Ross’s shrug was a weak thing. He was sick himself, and had been for days. “At a guess . . . Jackson won’t have more than seven thousand men, in all. Not all of whom will be with him at New Orleans, either. He’ll need, at the very least, to keep detachments at Fort St. Leon to guard the English Turn, at Fort St. Philip to guard the river farther south, and at Fort St. John in case we manage to get into Lake Pontchartrain.”
“Seven thousand,” Cochrane murmured.
“Probably closer to five, actually. And most of them will be militia units.”
Cochrane sat up straight, after a quick glance to assure himself there was nothing to crack his head against. “We can manage that. Easily, I should think.”
Manage it, yes.
Easily, no.
Something of Ross’s skepticism must have shown. The admiral eyed him for a moment, his face expressionless, and then said abruptly: “That’ll be all, Lieutenant Peddie.”
As soon as the lieutenant was gone, the admiral’s earlier scowl returned. “Do we need to argue this again, Robert? I have no choice, and you know it. We can’t attack from the north because we’re lacking shallow-draft boats, and we can’t come up the river because of the forts. That leaves no alternative but Bayou Bienvenu or its equivalent—and Spencer and Peddie report that the equivalents are all worse.”
Ross’s headshake was as weak as his shrug. “That’s not the point, sir. The route, we can manage—if the thing is led properly.”
“You can’t possibly—”
Ross shook his head again. “I realize full well I’m in no condition to lead it myself.” With a wry smile: “I’m struggling as it is just to keep from sliding off this chair. What bothers me is that . . .”
He’d come to the edge of the issue that he’d thus far skirted, out of politeness for fellow officers.
Cochrane grunted. “You’ve no confidence in Keane.”

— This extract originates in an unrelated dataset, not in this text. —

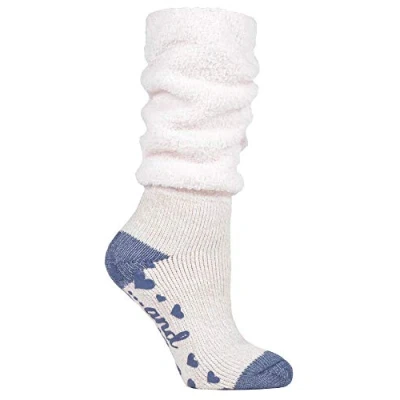 Image of HEAT HOLDERS Ladies Soft Fluffy Slouch Top Non Slip Slipper Thermal Bed Socks with Grippers (4 8 UK, Mauve (Slouch))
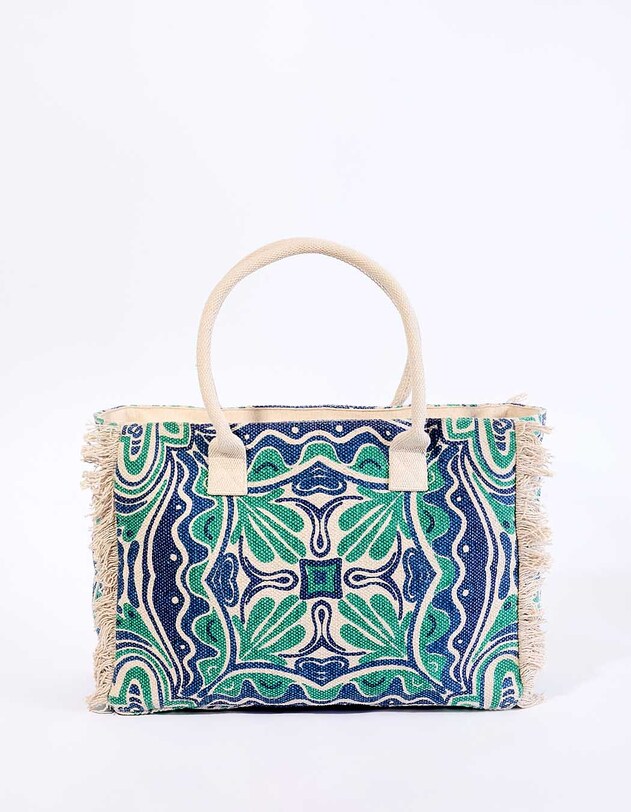Grand sac cabas imprim&eacute; en coton imprim&eacute; La Fianc&eacute;e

“That’s putting it much too strongly, Admiral. John Keane is a fine officer. But as a commanding general, which he is now for the first time, I fear he’d be too cautious.”
“Too cautious?” Cochrane threw up his hands with exasperation—banging the knuckles of the left on a bulkhead. Muttering under his breath, he pulled out a kerchief and dabbed the blood. “Robert,” he growled, “as I recall you have been the one all along urging caution on this expedition. Now you choose to complain of its excess?”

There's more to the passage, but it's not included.